**ACTIVITY:**
Would you return every entry below exactly as written, without its images?

**GIVEN DATA:**
┏━━
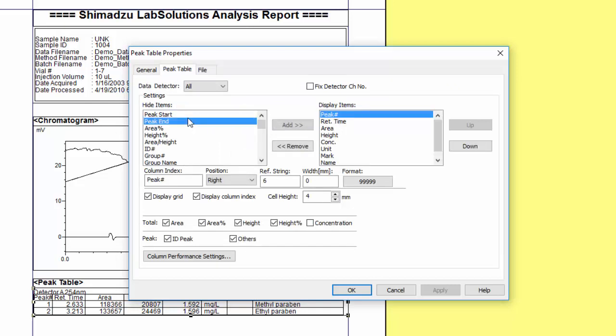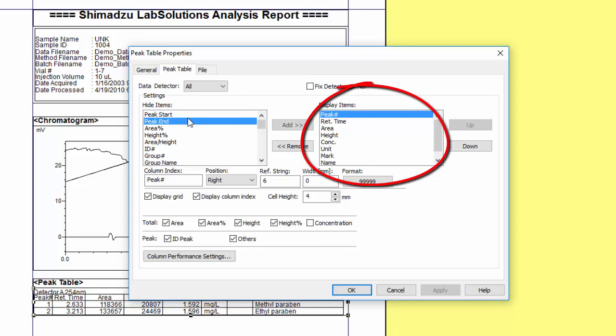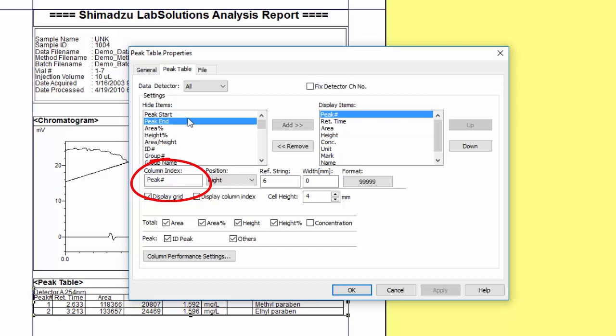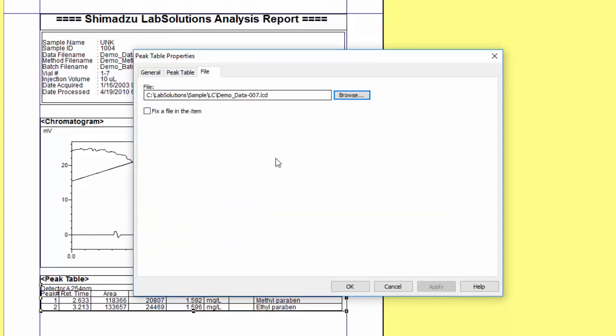You can select to display any option in any order in the peak table. The column order top to bottom is left to right. You can also adjust the width of the column by adjusting the reference string value. You can also adjust the column heading labeled as column index to help you narrow the column widths without cutting off any text. As an example, you can shorten the limit of detection to LOD to help keep the column width down.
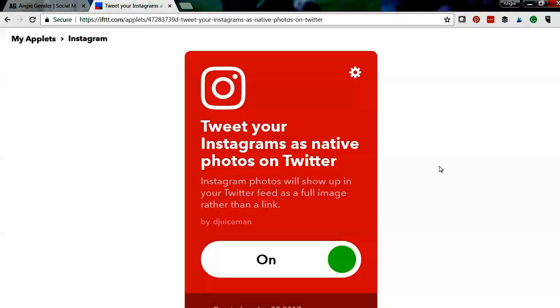Now the reason I have this applet set up, I'm sure many of you know if you share a photo on Instagram and you select within Instagram to post it to Facebook and Twitter, it will show up on your Twitter feed as a link to Instagram and the photo does not show. Well I don't like that. I want the photo to show in Twitter.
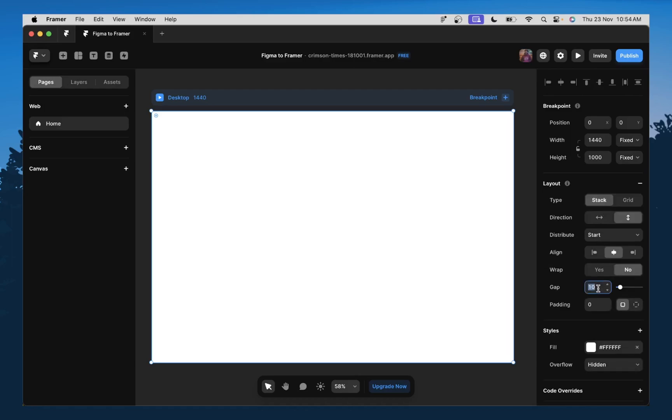I'm going to remove the gap because I don't want any gap in between my elements and then ensure that the direction is set to vertical. That way your elements are stacked vertically.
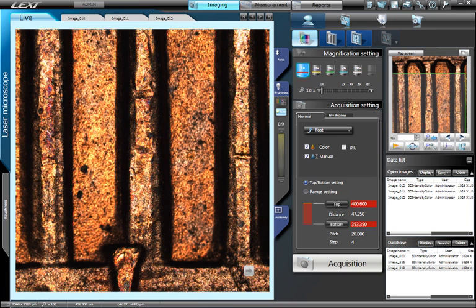First, ensure that you are in imaging mode and select the color camera. At the lowest magnification, use the joystick to pan around your sample and find a feature of interest.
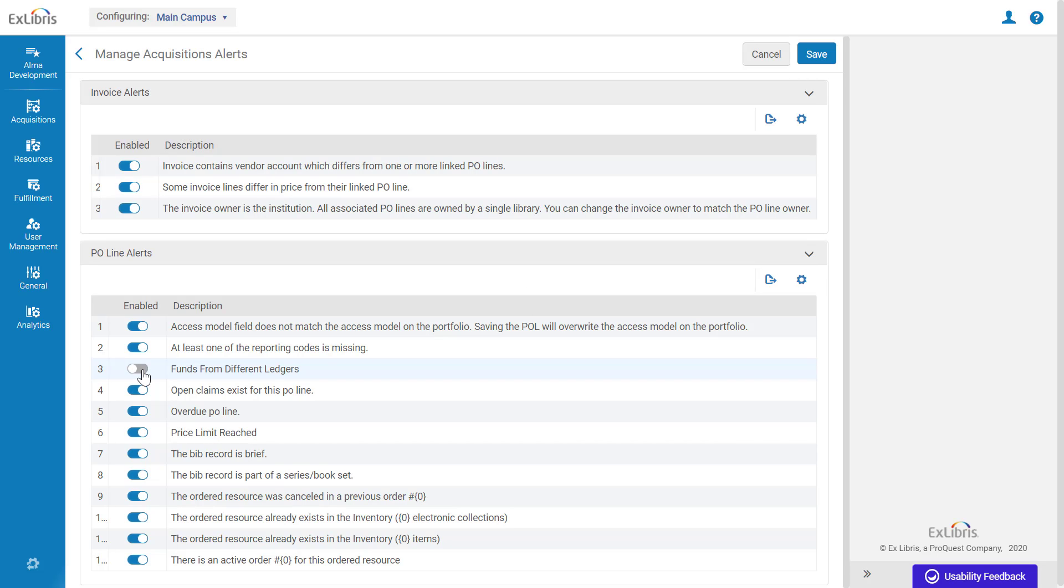Once an alert is disabled, it will not appear for new PO lines and invoices. For existing PO lines and invoices, the alerts will remain until the PO line or invoice is recalculated.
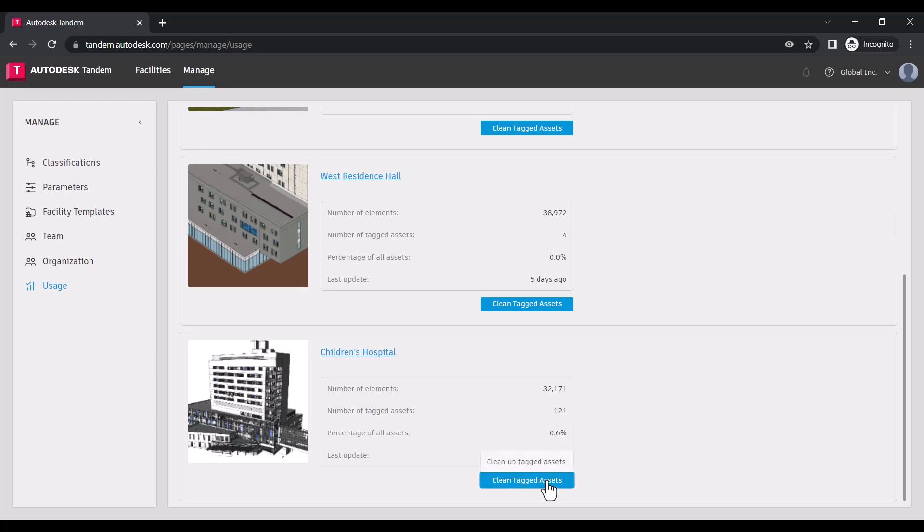you can do so by clicking Clean Tagged Assets, which will remove all data from reclassified or deleted assets.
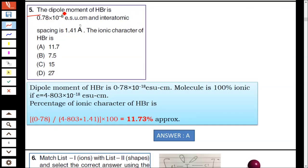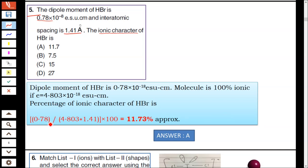Question number five: the dipole moment of HBr is 0.78 D and the intra-atomic spacing is 1.41 Å. The percentage of ionic character is calculated as: (0.78 / (4.803 × 1.41)) × 100, which is approximately 11.73%. Hence answer A is correct.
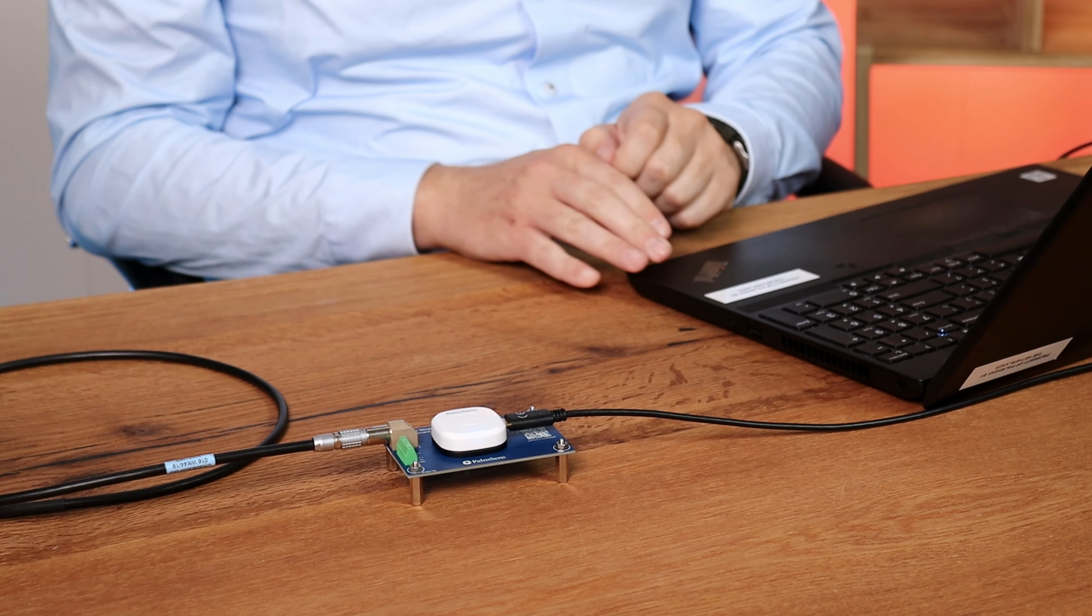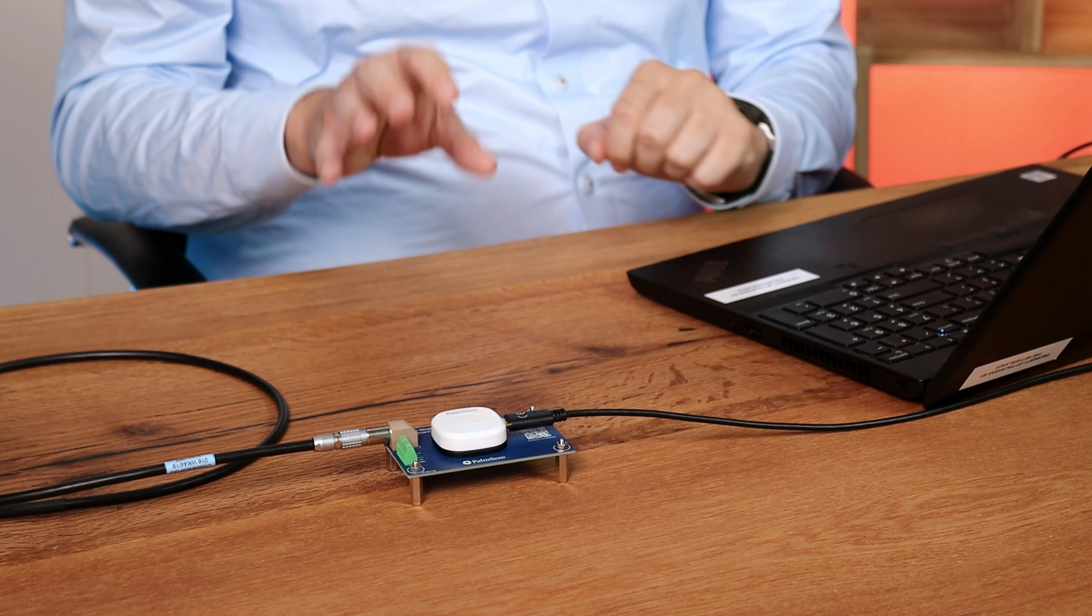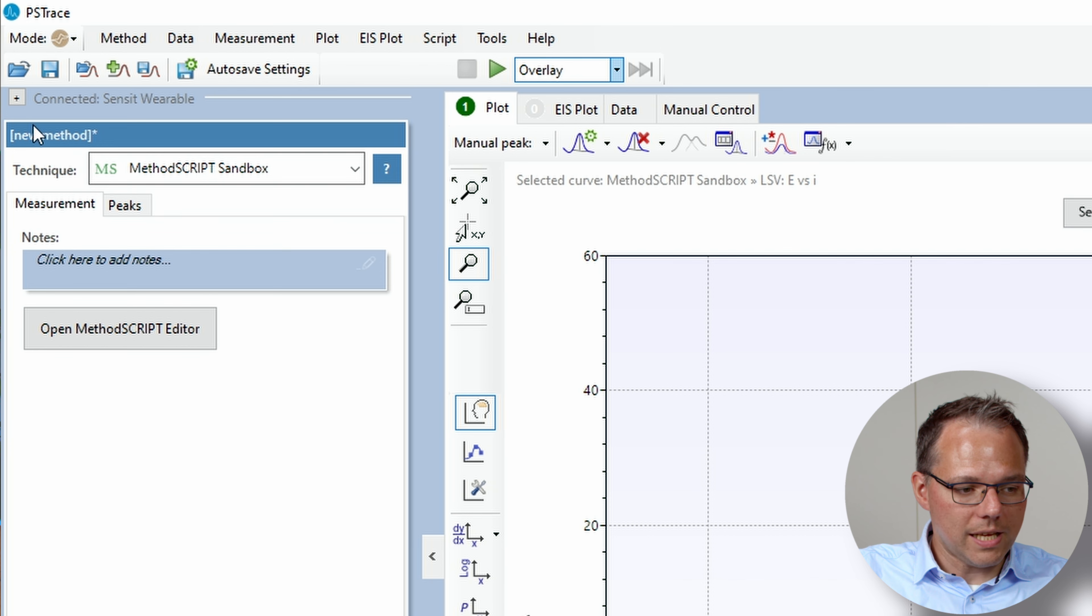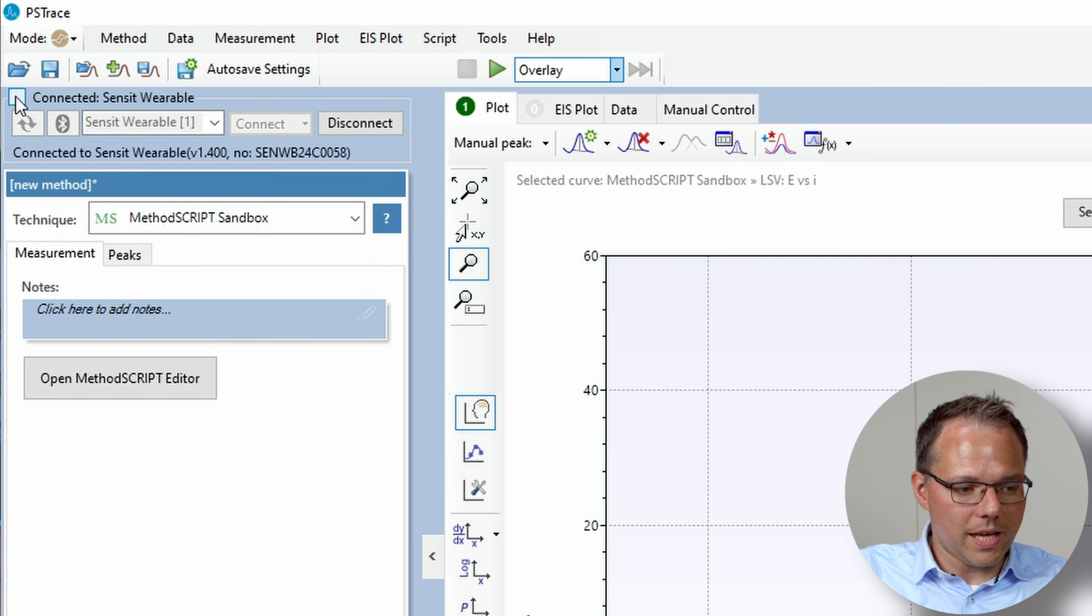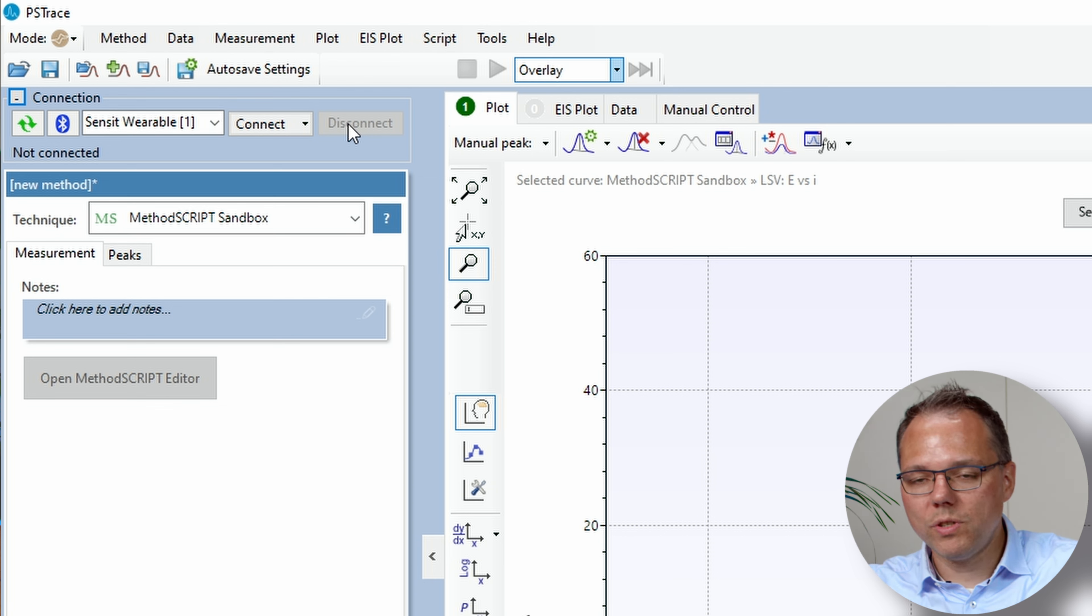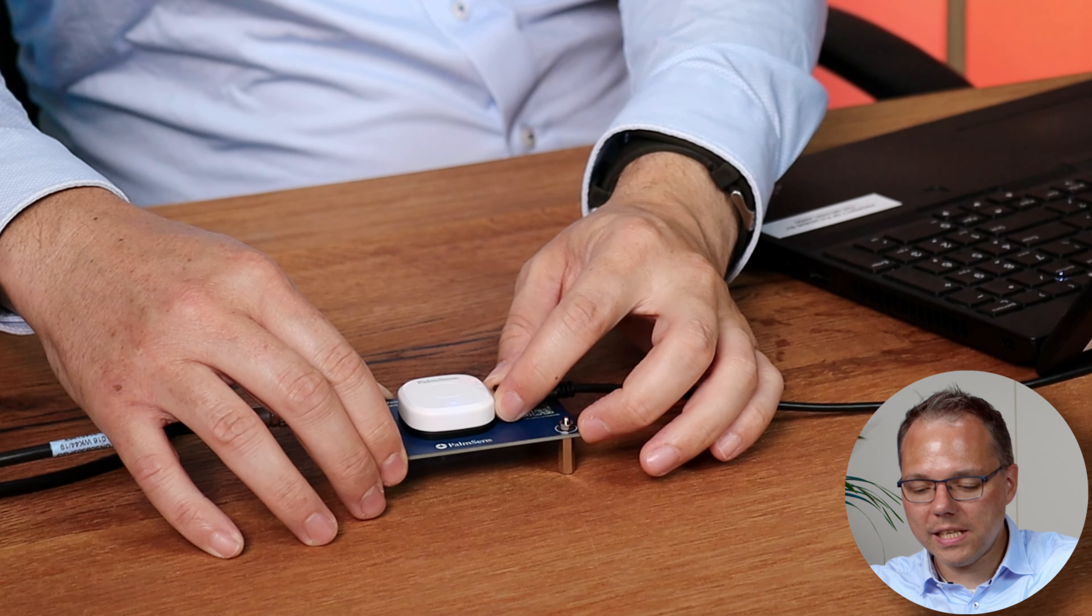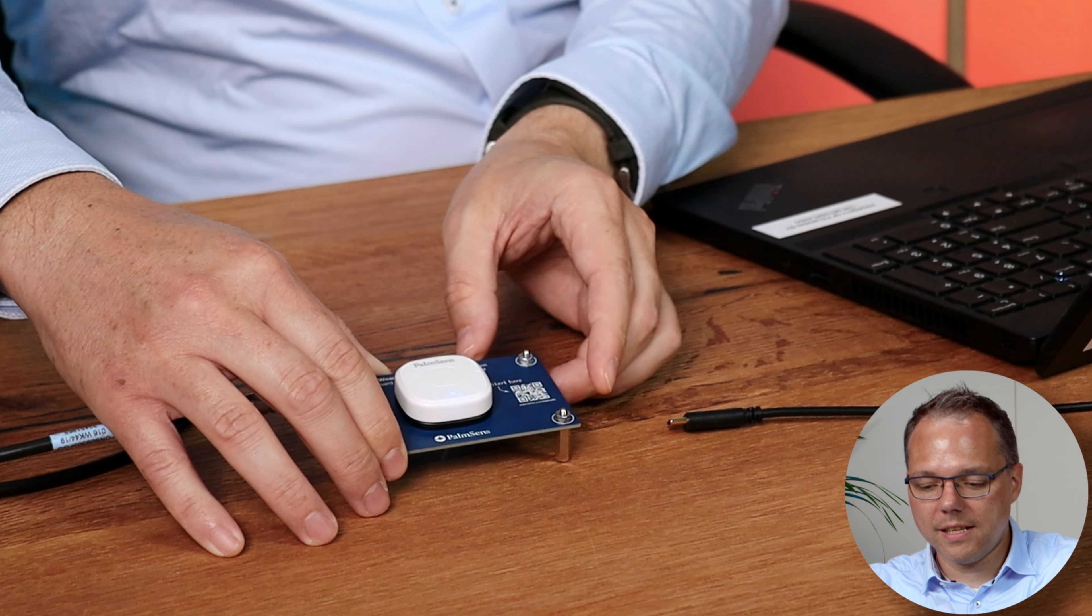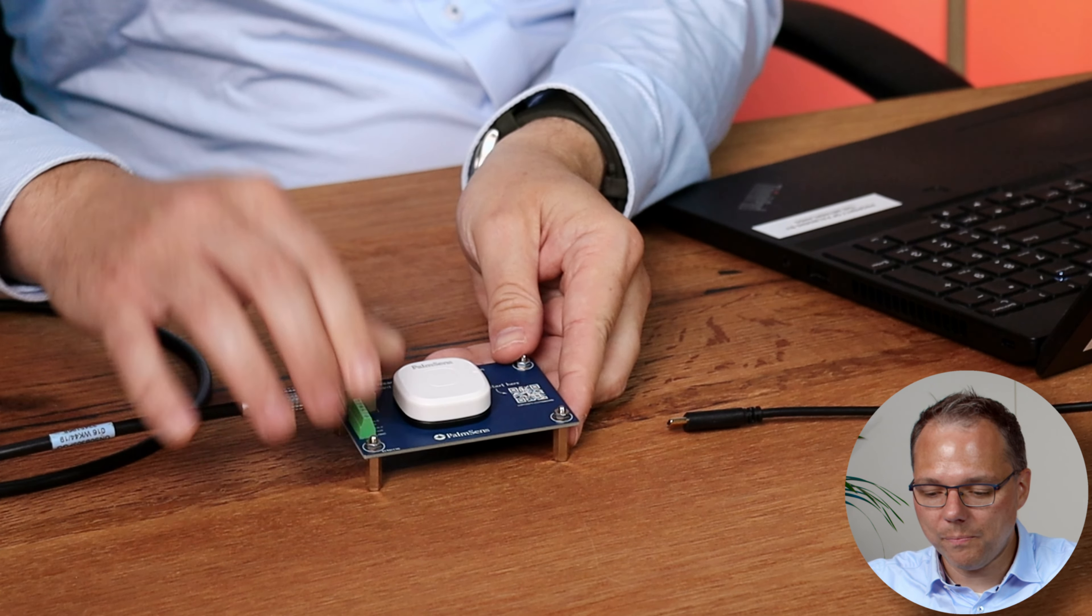So you know now that any measurement that we have after restarting the Sensit wearable and saved on the internal storage is really the one that was made there. So let's disconnect from PS trace and let's really physically disconnect the Sensit wearable.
┗━━
**RESULT:**
You can select to display any option in any order in the peak table. The column order top to bottom is left to right. You can also adjust the width of the column by adjusting the reference string value. You can also adjust the column heading labeled as column index to help you narrow the column widths without cutting off any text. As an example, you can shorten the limit of detection to LOD to help keep the column width down.
Now the reason I have this applet set up, I'm sure many of you know if you share a photo on Instagram and you select within Instagram to post it to Facebook and Twitter, it will show up on your Twitter feed as a link to Instagram and the photo does not show. Well I don't like that. I want the photo to show in Twitter.
I'm going to remove the gap because I don't want any gap in between my elements and then ensure that the direction is set to vertical. That way your elements are stacked vertically.
First, ensure that you are in imaging mode and select the color camera. At the lowest magnification, use the joystick to pan around your sample and find a feature of interest.
Once an alert is disabled, it will not appear for new PO lines and invoices. For existing PO lines and invoices, the alerts will remain until the PO line or invoice is recalculated.
you can do so by clicking Clean Tagged Assets, which will remove all data from reclassified or deleted assets.
Question number five: the dipole moment of HBr is 0.78 D and the intra-atomic spacing is 1.41 Å. The percentage of ionic character is calculated as: (0.78 / (4.803 × 1.41)) × 100, which is approximately 11.73%. Hence answer A is correct.
So you know now that any measurement that we have after restarting the Sensit wearable and saved on the internal storage is really the one that was made there. So let's disconnect from PS trace and let's really physically disconnect the Sensit wearable.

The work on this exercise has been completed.